The move is the first major strategic development since the society rebranded its Nisa business as Co-op Wholesale last month.
Co-op said it was also doubling the number of own-brand lines that it included as part of its key range, which features lower prices for its wholesale customers. The range has been developed using sales data to “identify the most important products for independent retailers”.
Co-op said it had reduced the wholesale price of its key own brand range by an average of 3%. Some lines have been reduced by up to 18.5% such as Co-op mixed peppers, which have come down in price by £1.65. It has also taken £2.99 off Co-op Milk Chocolate Malted Biscuits and 48p off the wsp of Co-op’s 12 Large British Free-Range Eggs. There have also been reductions in the beers, wines and spirits category, with £3.60 deducted off the wsp of Co-op DST Imperial Vodka 37.5% one-litre.
“We understand the pressures that independent retailers face, and that value is still of high importance, and that’s why we remain committed to providing them with the best possible wholesale prices, so they can grow their businesses sustainably,” said Co-op Wholesale MD Katie Secretan.
“This investment is a significant step in helping retailers offer Co-op’s high-quality own-brand products at prices that allow them to remain competitive and meet customer demand.”
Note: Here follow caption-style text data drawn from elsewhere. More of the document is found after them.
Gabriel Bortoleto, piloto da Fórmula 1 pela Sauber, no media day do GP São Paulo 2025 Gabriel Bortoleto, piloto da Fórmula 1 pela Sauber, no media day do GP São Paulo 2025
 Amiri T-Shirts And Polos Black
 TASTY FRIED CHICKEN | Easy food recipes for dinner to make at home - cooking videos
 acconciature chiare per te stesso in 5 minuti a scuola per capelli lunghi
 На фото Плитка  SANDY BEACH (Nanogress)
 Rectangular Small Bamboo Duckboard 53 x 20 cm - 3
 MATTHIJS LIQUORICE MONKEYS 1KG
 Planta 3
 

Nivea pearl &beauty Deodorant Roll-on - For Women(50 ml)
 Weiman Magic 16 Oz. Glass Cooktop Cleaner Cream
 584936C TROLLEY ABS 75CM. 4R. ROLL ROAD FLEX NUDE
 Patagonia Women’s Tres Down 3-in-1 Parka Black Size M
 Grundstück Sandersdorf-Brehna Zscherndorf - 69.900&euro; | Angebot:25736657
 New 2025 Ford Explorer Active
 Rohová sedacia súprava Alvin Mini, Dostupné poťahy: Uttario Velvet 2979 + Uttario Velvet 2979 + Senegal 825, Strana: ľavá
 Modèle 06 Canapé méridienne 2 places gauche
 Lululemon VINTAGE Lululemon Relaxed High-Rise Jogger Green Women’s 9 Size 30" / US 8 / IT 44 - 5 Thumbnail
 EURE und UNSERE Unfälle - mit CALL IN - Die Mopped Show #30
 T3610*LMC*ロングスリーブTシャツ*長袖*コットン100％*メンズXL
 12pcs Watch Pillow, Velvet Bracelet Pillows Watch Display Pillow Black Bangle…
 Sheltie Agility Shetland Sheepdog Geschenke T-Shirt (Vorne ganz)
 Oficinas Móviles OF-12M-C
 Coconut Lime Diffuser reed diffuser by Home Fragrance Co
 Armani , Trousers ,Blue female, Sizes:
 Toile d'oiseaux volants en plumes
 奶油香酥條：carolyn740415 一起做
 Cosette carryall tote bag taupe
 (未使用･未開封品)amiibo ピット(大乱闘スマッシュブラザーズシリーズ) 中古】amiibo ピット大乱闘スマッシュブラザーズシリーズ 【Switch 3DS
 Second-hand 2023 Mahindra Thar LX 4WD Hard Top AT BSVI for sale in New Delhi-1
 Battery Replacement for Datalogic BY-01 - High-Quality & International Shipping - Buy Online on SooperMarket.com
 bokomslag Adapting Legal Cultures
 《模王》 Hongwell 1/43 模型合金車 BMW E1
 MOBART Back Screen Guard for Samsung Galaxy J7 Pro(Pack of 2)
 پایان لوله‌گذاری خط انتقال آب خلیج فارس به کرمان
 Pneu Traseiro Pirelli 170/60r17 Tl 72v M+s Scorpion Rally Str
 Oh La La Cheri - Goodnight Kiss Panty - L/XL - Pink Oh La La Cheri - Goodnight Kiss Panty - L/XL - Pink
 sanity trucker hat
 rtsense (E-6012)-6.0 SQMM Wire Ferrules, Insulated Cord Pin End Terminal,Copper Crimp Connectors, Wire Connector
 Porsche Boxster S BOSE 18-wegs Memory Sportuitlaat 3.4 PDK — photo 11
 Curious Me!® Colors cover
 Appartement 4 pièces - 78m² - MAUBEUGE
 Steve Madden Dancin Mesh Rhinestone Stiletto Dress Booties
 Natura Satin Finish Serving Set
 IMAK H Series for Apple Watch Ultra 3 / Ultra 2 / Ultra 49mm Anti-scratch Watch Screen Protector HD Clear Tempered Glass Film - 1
As part of its annual results published last week, Co-op said its wholesale revenue for the year to 4 January fell 5.5% to £1.4bn, while it made a loss of £1m compared with a £14m profit the previous year. Co-op MD for B2B and growth Jerome Saint-Marc said the sales fall was linked to its previous investment into pricing for its retail partners.
“Last year, we focused on starting to lay the foundation for future growth opportunities across the division, while the conditions in the wholesale market have been challenging we have continued to proactively support partners with significant price investments,” he said.
“Pleasingly, despite the tough markets where the broader sector saw a decline in volume of 6.7% across symbols and independents, we held Nisa market share at 11.9%. We also continue to see high level of partners buying into our own brand at 92%.”